**Provided data:**
···
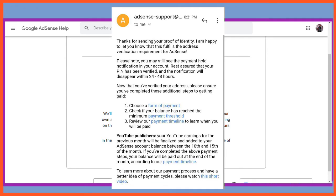This is basically how you can verify your address without using a PIN. It is legal, it is verified by Google, and it is safe. I hope this video helps you — if it does, please don't forget to give a thumbs up, drop a comment in the comment section, and share with your colleagues so it can be of help to them too. See you in my next video.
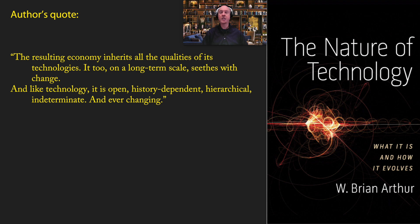The resulting economy inherits all the qualities of its technologies. It too, on a long-term scale, seethes with change. And like technology, it is open, history-dependent, hierarchical, indeterminate, and ever-changing. Because the economy arises out of its technologies, it inherits from them self-creation, perpetual openness, and perpetual novelty.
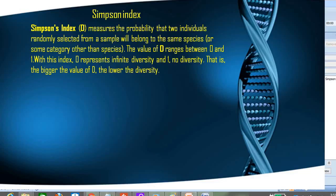If the forest contains species X and Y both, the diversity is still very less. In such cases the value of D, which gives the Simpson Index, will be very high. The value basically ranges from 0 to 1. If the value is very high, that means the forest will have very less diversity, because D measures the probability that two selected trees belong to the same species.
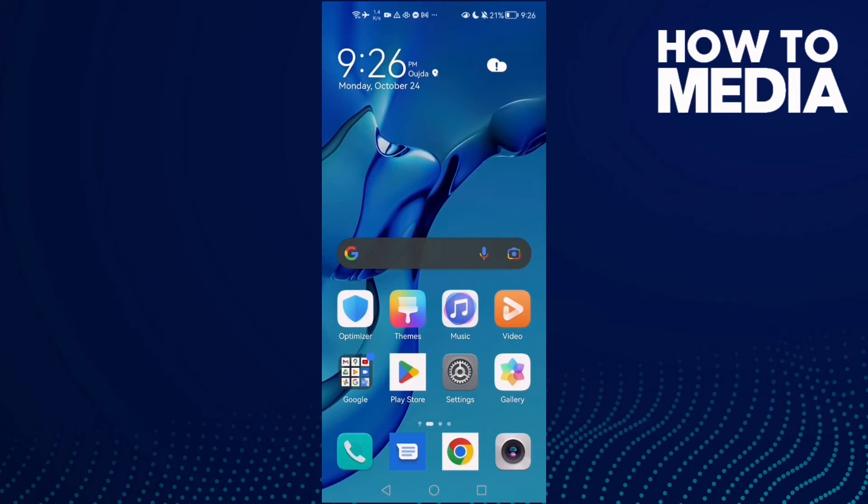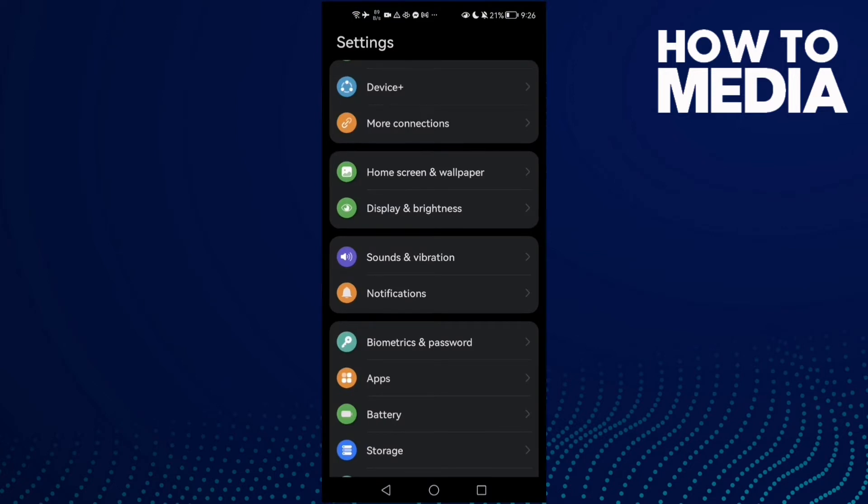How to fix TikTok crashing problem on Android phone. Hello guys, in today's video I'm going to show you how to fix TikTok crashing problem on Android phone. First, open Settings.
···
**What is needed:** Exclude every picture, then reproduce the remaining data character for character.

**Response to the exercise:**
This is basically how you can verify your address without using a PIN. It is legal, it is verified by Google, and it is safe. I hope this video helps you — if it does, please don't forget to give a thumbs up, drop a comment in the comment section, and share with your colleagues so it can be of help to them too. See you in my next video.
The resulting economy inherits all the qualities of its technologies. It too, on a long-term scale, seethes with change. And like technology, it is open, history-dependent, hierarchical, indeterminate, and ever-changing. Because the economy arises out of its technologies, it inherits from them self-creation, perpetual openness, and perpetual novelty.
If the forest contains species X and Y both, the diversity is still very less. In such cases the value of D, which gives the Simpson Index, will be very high. The value basically ranges from 0 to 1. If the value is very high, that means the forest will have very less diversity, because D measures the probability that two selected trees belong to the same species.
How to fix TikTok crashing problem on Android phone. Hello guys, in today's video I'm going to show you how to fix TikTok crashing problem on Android phone. First, open Settings.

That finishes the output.